GeneralMount Carmel Credit Union in “severe liquidity crisis”
Reports reaching Amandala are that more than a month after being put under the administration of the Belize Credit Union League (BCUL) and putting a hold on members’ withdrawal from their savings, the Mount Carmel Credit Union (MCCU), based in the town of Benque Viejo del Carmen, Cayo District, and established in 1958, remains in a precarious financial position, having to put on hold requests by some of its more than 2,500 members to withdraw their savings.
   
MCCU officials have said that they wish to secure the savings deposits in the credit union and restore its position as one of the strongest financial institutions in Belize. The regular annual financial audit was to have begun about a month ago, but the financial picture remains a closely guarded secret.
   
Today, Amandala sought comment from all concerned. When we contacted the credit union’s offices, we were told that its manager was in a meeting. We left a message for her, but she is yet to return our call.
  
The Central Bank of Belize, which is responsible for credit union operations, referred us to the BCUL, but their person in charge was also in a meeting, and unavailable.
  
However, BCUL executive director Corine Fuller sent us a formal statement by the League this evening, which describes Mount Carmel’s situation as “serious and troubling,” with “no easy fix.”
  
Mount Carmel’s problems began in 2001, when three of its officials were charged with the embezzlement of over $500,000 from the credit union’s accounts.
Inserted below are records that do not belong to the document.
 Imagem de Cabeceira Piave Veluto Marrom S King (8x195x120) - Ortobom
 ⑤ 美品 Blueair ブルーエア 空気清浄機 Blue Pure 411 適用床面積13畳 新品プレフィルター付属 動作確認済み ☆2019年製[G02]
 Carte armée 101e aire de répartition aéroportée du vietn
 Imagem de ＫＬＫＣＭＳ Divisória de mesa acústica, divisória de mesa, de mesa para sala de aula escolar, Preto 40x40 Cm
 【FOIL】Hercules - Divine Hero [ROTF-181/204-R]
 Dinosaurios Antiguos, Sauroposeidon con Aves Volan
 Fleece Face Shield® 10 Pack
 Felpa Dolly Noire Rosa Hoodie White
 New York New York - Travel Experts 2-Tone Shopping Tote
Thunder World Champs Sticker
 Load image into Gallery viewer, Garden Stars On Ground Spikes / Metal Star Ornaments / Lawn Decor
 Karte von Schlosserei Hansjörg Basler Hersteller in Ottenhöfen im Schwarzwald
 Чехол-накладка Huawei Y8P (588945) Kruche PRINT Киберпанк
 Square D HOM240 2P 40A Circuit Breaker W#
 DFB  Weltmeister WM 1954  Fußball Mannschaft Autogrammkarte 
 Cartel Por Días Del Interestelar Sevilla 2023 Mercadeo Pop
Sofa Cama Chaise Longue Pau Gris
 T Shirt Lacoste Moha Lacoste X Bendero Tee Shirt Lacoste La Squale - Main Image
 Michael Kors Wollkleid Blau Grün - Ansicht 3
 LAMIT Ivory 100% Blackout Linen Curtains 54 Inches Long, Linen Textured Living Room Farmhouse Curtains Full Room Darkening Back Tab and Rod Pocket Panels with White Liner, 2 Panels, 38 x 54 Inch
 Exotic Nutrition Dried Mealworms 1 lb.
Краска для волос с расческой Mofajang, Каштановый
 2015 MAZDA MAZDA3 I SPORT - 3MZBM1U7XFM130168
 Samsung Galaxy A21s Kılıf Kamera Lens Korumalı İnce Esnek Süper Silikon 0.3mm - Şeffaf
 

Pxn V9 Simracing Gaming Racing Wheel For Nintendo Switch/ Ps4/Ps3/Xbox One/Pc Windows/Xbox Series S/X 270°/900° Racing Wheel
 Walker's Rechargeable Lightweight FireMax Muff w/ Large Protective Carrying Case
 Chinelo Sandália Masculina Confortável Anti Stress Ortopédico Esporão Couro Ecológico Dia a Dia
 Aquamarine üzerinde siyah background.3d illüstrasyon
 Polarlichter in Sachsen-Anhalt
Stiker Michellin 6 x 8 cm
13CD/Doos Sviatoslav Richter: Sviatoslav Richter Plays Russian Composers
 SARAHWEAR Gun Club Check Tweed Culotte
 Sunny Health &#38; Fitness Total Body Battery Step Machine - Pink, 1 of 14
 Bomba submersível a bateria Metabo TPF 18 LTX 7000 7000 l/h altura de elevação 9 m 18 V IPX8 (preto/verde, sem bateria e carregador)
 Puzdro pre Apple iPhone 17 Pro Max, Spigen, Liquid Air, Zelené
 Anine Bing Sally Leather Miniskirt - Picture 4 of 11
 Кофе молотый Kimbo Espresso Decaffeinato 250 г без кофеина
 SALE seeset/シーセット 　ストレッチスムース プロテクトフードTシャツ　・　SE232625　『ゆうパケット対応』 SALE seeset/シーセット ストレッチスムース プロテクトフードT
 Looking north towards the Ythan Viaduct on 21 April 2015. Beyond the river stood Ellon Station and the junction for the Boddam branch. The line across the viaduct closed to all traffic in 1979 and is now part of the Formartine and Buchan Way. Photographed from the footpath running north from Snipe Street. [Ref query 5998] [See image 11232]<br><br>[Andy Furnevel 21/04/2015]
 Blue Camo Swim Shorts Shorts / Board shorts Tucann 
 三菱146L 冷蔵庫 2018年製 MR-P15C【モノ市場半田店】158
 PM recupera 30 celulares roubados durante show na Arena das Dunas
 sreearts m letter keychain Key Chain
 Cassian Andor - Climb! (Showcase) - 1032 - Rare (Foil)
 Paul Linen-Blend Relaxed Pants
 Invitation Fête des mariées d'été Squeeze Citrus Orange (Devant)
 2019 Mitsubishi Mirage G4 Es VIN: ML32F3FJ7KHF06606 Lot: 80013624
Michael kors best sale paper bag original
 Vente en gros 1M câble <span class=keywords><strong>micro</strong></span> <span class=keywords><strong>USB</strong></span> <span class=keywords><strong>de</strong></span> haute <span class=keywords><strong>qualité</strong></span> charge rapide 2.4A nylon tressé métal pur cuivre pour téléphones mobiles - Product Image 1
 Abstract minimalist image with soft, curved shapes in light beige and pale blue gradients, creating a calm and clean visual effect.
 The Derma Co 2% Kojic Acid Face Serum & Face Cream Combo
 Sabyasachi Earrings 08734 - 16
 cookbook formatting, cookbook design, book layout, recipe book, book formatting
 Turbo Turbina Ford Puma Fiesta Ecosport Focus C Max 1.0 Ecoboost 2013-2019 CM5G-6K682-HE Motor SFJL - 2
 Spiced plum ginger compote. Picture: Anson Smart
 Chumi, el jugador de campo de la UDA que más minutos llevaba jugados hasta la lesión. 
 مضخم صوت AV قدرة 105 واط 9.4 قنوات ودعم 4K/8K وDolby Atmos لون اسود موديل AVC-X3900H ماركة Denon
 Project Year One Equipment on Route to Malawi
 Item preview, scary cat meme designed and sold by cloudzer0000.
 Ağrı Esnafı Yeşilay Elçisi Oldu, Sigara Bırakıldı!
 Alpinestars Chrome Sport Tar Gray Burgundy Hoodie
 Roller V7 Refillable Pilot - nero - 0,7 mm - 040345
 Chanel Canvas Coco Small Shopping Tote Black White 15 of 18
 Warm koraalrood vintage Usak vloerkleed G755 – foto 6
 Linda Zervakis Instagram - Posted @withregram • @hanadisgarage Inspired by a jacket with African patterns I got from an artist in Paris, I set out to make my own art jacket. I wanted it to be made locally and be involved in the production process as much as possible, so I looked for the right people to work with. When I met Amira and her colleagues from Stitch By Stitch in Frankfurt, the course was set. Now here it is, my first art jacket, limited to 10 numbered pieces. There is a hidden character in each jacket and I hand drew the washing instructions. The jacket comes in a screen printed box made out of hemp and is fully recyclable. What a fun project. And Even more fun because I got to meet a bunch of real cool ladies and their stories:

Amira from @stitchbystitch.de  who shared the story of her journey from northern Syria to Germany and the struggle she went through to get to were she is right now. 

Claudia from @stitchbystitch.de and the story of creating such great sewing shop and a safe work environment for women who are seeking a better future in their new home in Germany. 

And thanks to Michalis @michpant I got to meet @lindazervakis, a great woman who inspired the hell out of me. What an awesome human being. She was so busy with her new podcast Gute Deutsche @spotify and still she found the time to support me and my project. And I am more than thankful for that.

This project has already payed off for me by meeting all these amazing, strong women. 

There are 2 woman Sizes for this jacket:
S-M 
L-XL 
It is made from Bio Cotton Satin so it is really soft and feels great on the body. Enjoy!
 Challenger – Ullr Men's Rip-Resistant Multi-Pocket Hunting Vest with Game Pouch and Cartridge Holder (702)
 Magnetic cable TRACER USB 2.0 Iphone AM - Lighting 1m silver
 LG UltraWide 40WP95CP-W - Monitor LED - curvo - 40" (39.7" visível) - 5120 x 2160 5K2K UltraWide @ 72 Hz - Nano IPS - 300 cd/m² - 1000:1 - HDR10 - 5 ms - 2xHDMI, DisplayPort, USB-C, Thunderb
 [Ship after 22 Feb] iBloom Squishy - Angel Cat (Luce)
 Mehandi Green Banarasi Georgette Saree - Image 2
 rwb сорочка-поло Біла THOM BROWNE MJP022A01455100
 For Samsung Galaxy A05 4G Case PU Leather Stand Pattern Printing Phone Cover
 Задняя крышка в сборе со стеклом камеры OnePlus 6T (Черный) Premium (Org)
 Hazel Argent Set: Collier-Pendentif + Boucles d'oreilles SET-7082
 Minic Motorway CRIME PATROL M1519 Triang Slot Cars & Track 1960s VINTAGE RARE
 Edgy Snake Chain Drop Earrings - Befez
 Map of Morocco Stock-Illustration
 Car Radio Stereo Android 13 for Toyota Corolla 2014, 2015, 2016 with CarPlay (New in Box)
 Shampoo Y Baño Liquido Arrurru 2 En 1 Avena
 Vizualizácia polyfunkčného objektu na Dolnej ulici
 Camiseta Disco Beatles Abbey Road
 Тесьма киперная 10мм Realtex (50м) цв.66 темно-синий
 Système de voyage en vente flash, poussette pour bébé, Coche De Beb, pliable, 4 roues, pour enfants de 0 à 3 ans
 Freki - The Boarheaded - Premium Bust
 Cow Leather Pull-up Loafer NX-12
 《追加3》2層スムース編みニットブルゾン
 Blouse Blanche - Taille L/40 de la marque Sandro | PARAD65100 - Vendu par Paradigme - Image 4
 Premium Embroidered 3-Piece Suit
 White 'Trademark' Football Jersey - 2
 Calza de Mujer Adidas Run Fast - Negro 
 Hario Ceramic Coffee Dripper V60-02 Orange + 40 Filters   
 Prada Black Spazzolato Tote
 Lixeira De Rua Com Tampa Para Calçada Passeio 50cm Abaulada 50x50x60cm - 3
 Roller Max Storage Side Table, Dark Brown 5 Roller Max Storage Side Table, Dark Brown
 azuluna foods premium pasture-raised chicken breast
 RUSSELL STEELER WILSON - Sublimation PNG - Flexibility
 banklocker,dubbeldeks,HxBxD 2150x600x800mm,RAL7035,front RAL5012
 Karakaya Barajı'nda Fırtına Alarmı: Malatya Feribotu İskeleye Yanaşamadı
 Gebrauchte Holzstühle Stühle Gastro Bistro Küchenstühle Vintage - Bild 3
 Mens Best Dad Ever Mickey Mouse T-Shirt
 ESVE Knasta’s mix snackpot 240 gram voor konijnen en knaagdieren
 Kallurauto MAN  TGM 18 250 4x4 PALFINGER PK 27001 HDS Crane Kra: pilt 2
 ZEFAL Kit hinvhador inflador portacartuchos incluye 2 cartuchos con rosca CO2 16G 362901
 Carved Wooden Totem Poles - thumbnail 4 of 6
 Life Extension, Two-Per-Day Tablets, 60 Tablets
That case was subsequently dropped, but MCCU spent much of the next five years in administration after the Union’s Board of Directors and Supervisory and Credit Committees were suspended by the Registrar of Cooperatives, who installed an Oversight Committee to manage the credit union; they were eventually joined by a president and supervisory committee chair.
  
The League itself took over administration for six months in the first instance in 2006 to prepare staff and volunteers to take over by July 2007, by means of a management team comprised of officials from other League members.
  
It was able to negotiate principal-only payments on a loan of over $700,000 with an unidentified creditor who is the credit union’s largest, among others, and set up a system to collect on delinquent loans and train employees.
  
Despite being under its own management since then, according to the League, the credit union “has not recovered,” and last December’s burglary in which over $25,000 was taken (though reports at the time suggested over $40,000 in cash and cheques was stolen), along with continued delinquency in the loans portfolio, has caused a “severe liquidity crisis”, making MCCU unable to pay creditors, provide loans to members and meet requests for share withdrawals and account closures.
  
“To address the situation,” the League explains in its statement, “a new manager [Virginia Vasquez] was hired earlier in the year, a membership meeting was convened on April 2, 2011 to advise members of the situation, delinquent accounts are being managed more aggressively, and new income earning services are being sought, while at the same time measures are being put in place to cut operating expenses even further. 
  
“Also, an Advisory Committee made up of managers from two credit unions, three Mount Carmel members and the executive director of the League, was established to guide the recovery process.”
  
The League concludes by calling for patience, stating, “We need to work as a team to give recovery a chance. All shares deposited into the credit union since November 1, 2010, are protected from loss, so members are asked to continue saving. Members should repay their loans so that the credit union can improve its ability to meet its obligations, and attend membership meetings when called to remain informed about the situation.”